Quando entre ti houver algum pobre, de teus irmãos, em alguma das tuas portas, na terra que o Senhor teu Deus te dá, não endurecerás o teu coração, nem fecharás a tua mão a teu irmão que for pobre; Deuteronômio 15:7


 A Palavra de Deus nos exorta sempre a expressarmos em nossas atitudes o caráter do Criador. E se a essência de um Deus invisível, mas presente é o amor, é pelo amor a Deus que também devemos expressar nosso amor ao próximo.

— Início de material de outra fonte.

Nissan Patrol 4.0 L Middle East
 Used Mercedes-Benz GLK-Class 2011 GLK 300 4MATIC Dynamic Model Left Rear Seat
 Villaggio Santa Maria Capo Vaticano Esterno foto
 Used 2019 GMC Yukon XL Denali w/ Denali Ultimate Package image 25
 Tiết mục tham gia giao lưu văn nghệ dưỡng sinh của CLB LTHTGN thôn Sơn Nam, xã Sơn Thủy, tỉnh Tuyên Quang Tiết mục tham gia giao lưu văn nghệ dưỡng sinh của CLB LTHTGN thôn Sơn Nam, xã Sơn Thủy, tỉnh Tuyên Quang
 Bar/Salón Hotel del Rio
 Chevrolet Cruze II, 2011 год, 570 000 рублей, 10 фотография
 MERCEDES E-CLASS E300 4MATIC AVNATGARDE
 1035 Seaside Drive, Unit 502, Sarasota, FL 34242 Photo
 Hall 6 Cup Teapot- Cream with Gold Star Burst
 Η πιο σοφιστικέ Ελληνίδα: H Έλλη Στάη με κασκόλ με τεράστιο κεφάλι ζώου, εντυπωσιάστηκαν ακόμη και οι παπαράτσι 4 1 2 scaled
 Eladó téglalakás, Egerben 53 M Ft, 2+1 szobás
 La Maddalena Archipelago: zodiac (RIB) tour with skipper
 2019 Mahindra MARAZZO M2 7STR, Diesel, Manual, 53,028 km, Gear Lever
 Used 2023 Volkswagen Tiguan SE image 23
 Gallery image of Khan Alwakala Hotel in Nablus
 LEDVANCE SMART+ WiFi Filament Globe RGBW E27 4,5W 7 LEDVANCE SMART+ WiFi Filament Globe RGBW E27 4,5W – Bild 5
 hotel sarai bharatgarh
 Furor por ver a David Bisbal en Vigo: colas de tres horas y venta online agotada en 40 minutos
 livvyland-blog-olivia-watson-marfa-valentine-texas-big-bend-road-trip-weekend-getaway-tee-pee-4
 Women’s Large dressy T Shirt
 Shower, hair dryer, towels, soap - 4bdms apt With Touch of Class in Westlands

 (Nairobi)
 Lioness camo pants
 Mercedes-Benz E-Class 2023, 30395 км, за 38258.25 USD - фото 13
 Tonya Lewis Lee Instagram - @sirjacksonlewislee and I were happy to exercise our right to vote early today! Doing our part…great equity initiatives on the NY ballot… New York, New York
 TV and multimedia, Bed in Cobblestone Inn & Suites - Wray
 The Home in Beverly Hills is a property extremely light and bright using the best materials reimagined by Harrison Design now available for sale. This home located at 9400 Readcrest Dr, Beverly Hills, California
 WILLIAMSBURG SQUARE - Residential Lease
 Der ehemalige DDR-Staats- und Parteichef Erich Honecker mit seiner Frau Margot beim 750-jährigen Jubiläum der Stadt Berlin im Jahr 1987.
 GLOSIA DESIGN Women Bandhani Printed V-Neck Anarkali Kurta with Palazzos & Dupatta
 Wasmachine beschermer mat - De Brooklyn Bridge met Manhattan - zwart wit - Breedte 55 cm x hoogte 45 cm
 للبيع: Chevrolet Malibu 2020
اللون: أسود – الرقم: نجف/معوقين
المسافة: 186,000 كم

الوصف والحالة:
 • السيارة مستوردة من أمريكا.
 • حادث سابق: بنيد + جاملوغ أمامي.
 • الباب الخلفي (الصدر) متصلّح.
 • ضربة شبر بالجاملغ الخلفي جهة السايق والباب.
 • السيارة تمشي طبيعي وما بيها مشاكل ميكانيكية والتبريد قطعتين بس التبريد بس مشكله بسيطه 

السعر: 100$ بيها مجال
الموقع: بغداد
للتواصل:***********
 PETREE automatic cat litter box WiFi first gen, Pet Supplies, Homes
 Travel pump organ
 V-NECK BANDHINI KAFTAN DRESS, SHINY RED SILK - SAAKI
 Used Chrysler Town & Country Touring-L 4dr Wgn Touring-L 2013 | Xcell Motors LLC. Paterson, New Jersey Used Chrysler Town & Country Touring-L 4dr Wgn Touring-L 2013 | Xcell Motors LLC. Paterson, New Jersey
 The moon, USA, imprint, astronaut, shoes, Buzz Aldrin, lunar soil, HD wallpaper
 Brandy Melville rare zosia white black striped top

Assim devemos exercitar a prática de boas obras em favor dos necessitados e sofredores da família da fé e também daqueles que são colocados em nosso meio, cujas necessidades conhecemos. Moisés conclamou a comunidade a seu cuidado a cuidar de seus membros e Jesus Cristo colocou sobre Sua igreja o dever de cuidar dos necessitados dentre seus próprios membros. A Igreja, portanto, tem a responsabilidade de cuidar de seus pobres e necessitados, pois como os membros de uma  família secular devem cuidar uns dos outros, também a família da fé, a exemplo  de Cristo deve cuidar daqueles que passam por alguma forma de necessidade. E pobre não significa somente aquele que é privado de bens materiais. Há pobres espiritualmente que carecem de atenção e cuidados. São os que, mesmo tendo condições financeiras, necessitam de ajuda emocional ou espiritual. São os que arruínam a si mesmos por uma conduta independente e distante das orientações de Deus. A esses pobres devemos aconselhar com amor e sabedoria, na admoestação do Senhor. É inquestionável que devemos ajudar os demais casos em que houver necessidade material. Devemos nos lembrar sempre de que tudo o que temos não nos pertence, somos apenas despenseiros de Deus.


"Por isso, enquanto tivermos oportunidade, façamos o bem a todos, mas principalmente aos da família da fé." Gálatas 6:10.